- Born: David Arthur Nicholas Jones 16 April 1931 Wandsworth, London, England
- Died: 23 November 2002 (aged 71) Woodstock, Oxfordshire, England
- Education: Balliol College, Oxford
- Occupations: Novelist, journalist, theatre and literature critic
- Spouse: Lesley Ann Sillitoe
- Children: 4

= D.A.N. Jones =

British novelist, journalist and critic (1931–2002)

David Arthur Nicholas Jones (16 April 1931 – 23 November 2002), known as D.A.N. Jones, was a British novelist and journalist, theatre and literature critic. He wrote two novels, Never Had It So Good (1958) and Parade in Pairs (1963). He was part of the original editorial team at The Black Dwarf, wrote for Tribune and the New Statesman, before becoming a columnist for The Listener and a regular in The Times Literary Supplement, The New York Review of Books and the London Review of Books. He was a lifelong socialist, and campaigner for nuclear disarmament.

==Early life and education==
Born in Wandsworth, London, he attended Bec Grammar School (later to be Ernest Bevin Comprehensive, and then Academy). He attended Balliol College, Oxford, having won an exhibition, in 1951.

==Life and work==
Jones did National Service in Hong Kong, then began to work as a reporter on the Oxford Mail.
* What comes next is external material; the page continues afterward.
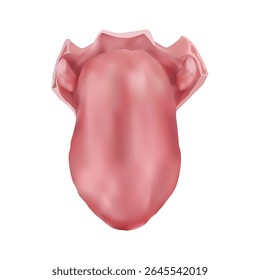 Tongue illustration on white background vol 01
His first novel, Never Had It So Good, was published in 1958 and the second, Parade in Pairs (based upon Shakespeare's A Midsummer Night's Dream) in 1963, both published by Jonathan Cape. Both books were said to have been admired by Angus Wilson.

Between novels, Jones married Lesley Ann Sillitoe and together they taught for a time in Nigeria, and started a family. They had met on a CND march. There were four children, but the marriage ended in 1988.
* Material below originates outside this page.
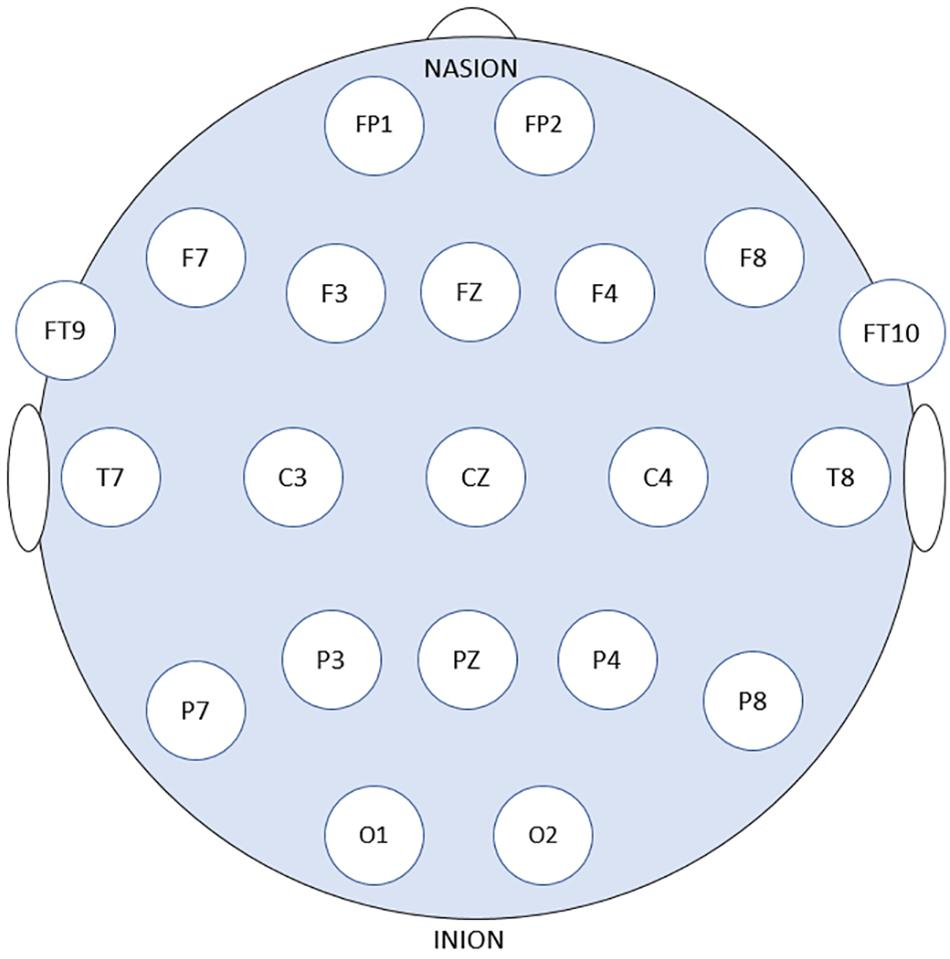 Bilateral 5 Hz transcranial alternating current stimulation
Jones began writing for Tribune and the New Statesman, often as "Trooper Jones", helped by the then literary editor, Karl Miller. In 1965, Miller also took him to the BBC journal, The Listener, where Jones reviewed books and theatre, and wrote a regular column, staying with the journal for 20 years.

In 1968, he was appointed editor of The Black Dwarf newspaper, but was ousted from that position prior to the first edition, through objections from other contributors.

Jones served for a time as a Labour councillor for Tulse Hill, Lambeth, in the same period (early 1970s) as John Major and Ken Livingstone. Jones was a lifelong socialist, and campaigner for nuclear disarmament.

In 1975, he was invited, but ultimately refused, to help write the autobiography of Michael X.

Other oddities saw Jones interviewing Robert Maxwell, owner of the Mirror Newspaper Group, on television, shortly before Maxwell's death by drowning, and being invited to meet Saddam Hussein in Iraq for a "writer's conference", where he was to lay a wreath for the Unknown Soldier "on Britain's behalf". Jones was presented with a watch by Saddam featuring Saddam's face.

In the 1960s and 1970s, Jones became a "significant voice in the London literary journalism", described at his death as being "among the outstanding British intellectual journalists of the past 40 years" until a series of strokes, and mental health issues, led to an early retirement, first to the Sussex coast, and then to Woodstock, Oxon.

He died in a house fire in Woodstock in November 2002.